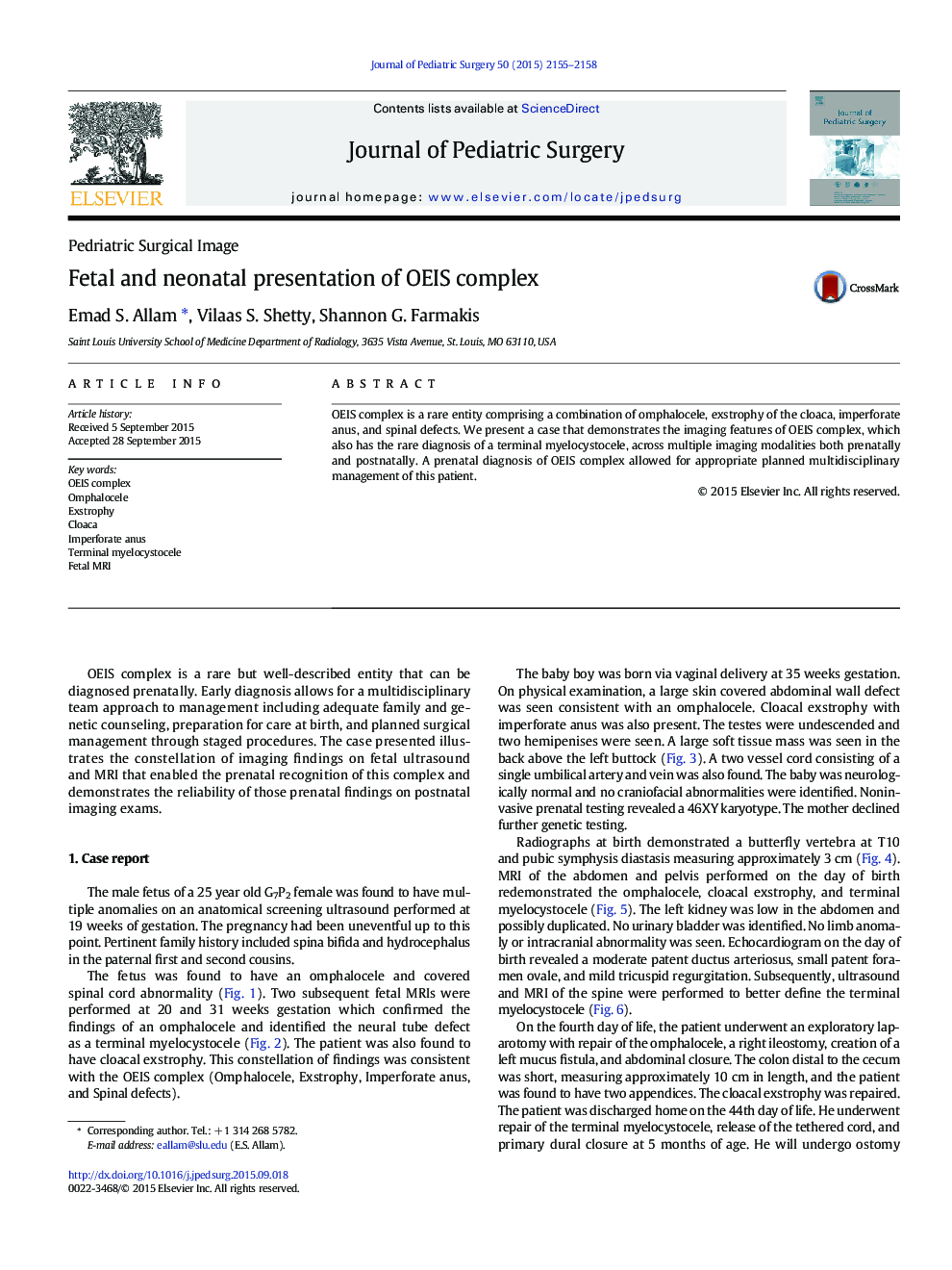 Fetal and neonatal presentation of OEIS complex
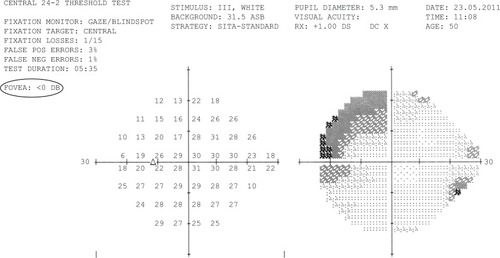 Figure 1 Central 24 degree perimetry from May 2011 showing peripheral deep defects and no defects within the 10 central degrees. Foveal threshold is zero dB (shown by oval gray line).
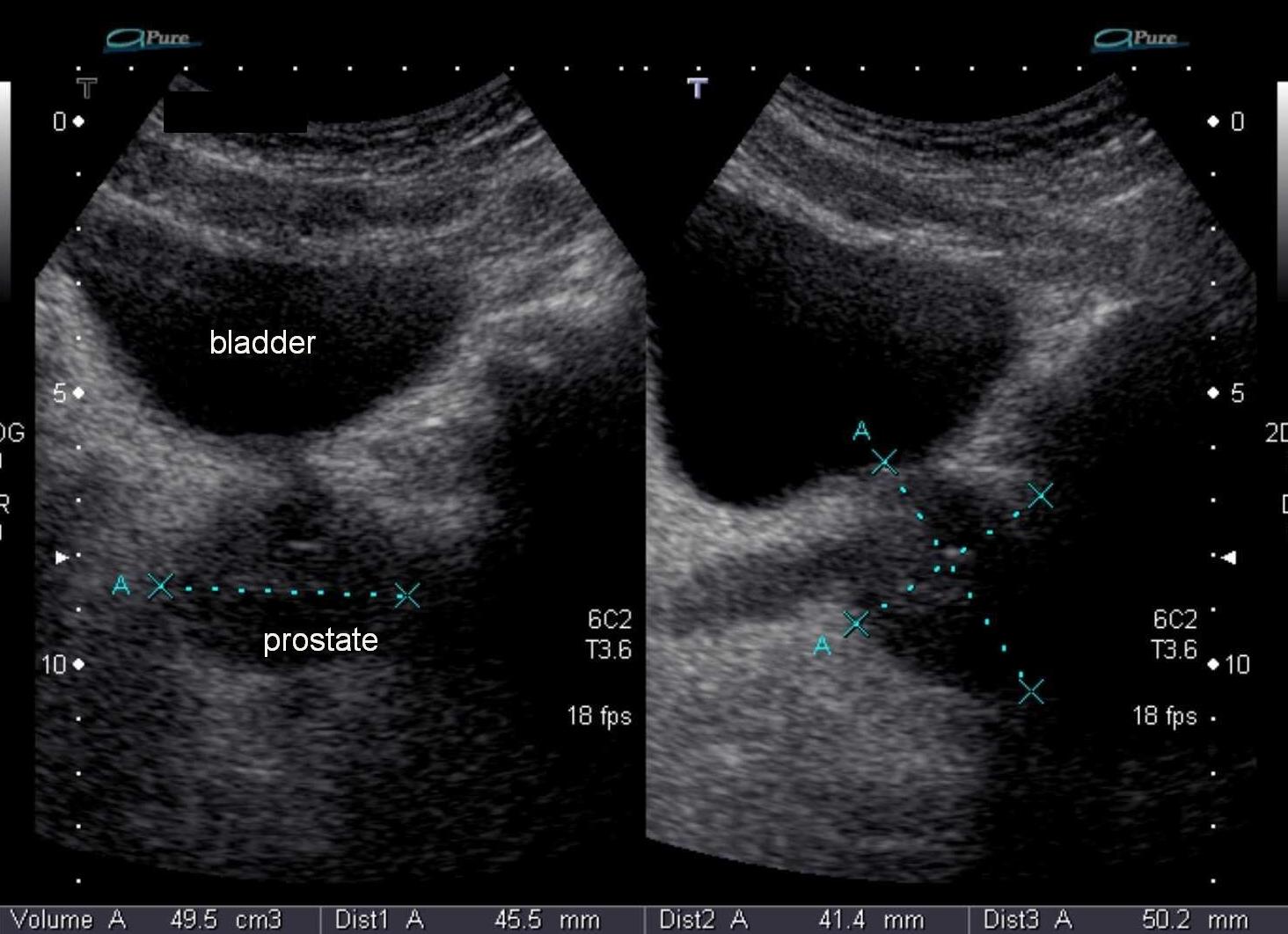 Исследование предстательной железы трансабдоминальное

## [PROBLEM STATEMENT]
Return every line above verbatim, pictures excluded.

## [THE ANSWER]
 Fetal and neonatal presentation of OEIS complex
 Figure 1 Central 24 degree perimetry from May 2011 showing peripheral deep defects and no defects within the 10 central degrees. Foveal threshold is zero dB (shown by oval gray line).
 Исследование предстательной железы трансабдоминальное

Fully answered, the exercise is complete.